→ The task
A verbatim reproduction of all the entries is needed.

━━━━━ Recorded data ━━━━━

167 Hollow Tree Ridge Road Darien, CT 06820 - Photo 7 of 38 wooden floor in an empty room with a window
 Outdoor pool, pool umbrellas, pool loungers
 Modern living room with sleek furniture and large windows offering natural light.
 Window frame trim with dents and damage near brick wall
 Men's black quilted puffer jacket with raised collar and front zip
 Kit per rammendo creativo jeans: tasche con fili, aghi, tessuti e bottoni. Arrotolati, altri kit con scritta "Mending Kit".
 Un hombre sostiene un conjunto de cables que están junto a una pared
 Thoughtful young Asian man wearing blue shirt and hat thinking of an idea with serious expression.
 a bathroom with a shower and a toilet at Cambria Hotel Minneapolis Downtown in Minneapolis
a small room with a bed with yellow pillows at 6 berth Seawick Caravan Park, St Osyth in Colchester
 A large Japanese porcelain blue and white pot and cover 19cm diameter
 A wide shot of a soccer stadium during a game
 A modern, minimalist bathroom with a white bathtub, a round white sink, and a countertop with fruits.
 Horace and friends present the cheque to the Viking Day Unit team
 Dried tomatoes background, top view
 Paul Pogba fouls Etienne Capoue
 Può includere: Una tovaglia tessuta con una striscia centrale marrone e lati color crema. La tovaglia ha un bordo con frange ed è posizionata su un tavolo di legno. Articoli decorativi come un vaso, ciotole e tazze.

━━━━━

→ Solution
167 Hollow Tree Ridge Road Darien, CT 06820 - Photo 7 of 38 wooden floor in an empty room with a window
 Outdoor pool, pool umbrellas, pool loungers
 Modern living room with sleek furniture and large windows offering natural light.
 Window frame trim with dents and damage near brick wall
 Men's black quilted puffer jacket with raised collar and front zip
 Kit per rammendo creativo jeans: tasche con fili, aghi, tessuti e bottoni. Arrotolati, altri kit con scritta "Mending Kit".
 Un hombre sostiene un conjunto de cables que están junto a una pared
 Thoughtful young Asian man wearing blue shirt and hat thinking of an idea with serious expression.
 a bathroom with a shower and a toilet at Cambria Hotel Minneapolis Downtown in Minneapolis
a small room with a bed with yellow pillows at 6 berth Seawick Caravan Park, St Osyth in Colchester
 A large Japanese porcelain blue and white pot and cover 19cm diameter
 A wide shot of a soccer stadium during a game
 A modern, minimalist bathroom with a white bathtub, a round white sink, and a countertop with fruits.
 Horace and friends present the cheque to the Viking Day Unit team
 Dried tomatoes background, top view
 Paul Pogba fouls Etienne Capoue
 Può includere: Una tovaglia tessuta con una striscia centrale marrone e lati color crema. La tovaglia ha un bordo con frange ed è posizionata su un tavolo di legno. Articoli decorativi come un vaso, ciotole e tazze.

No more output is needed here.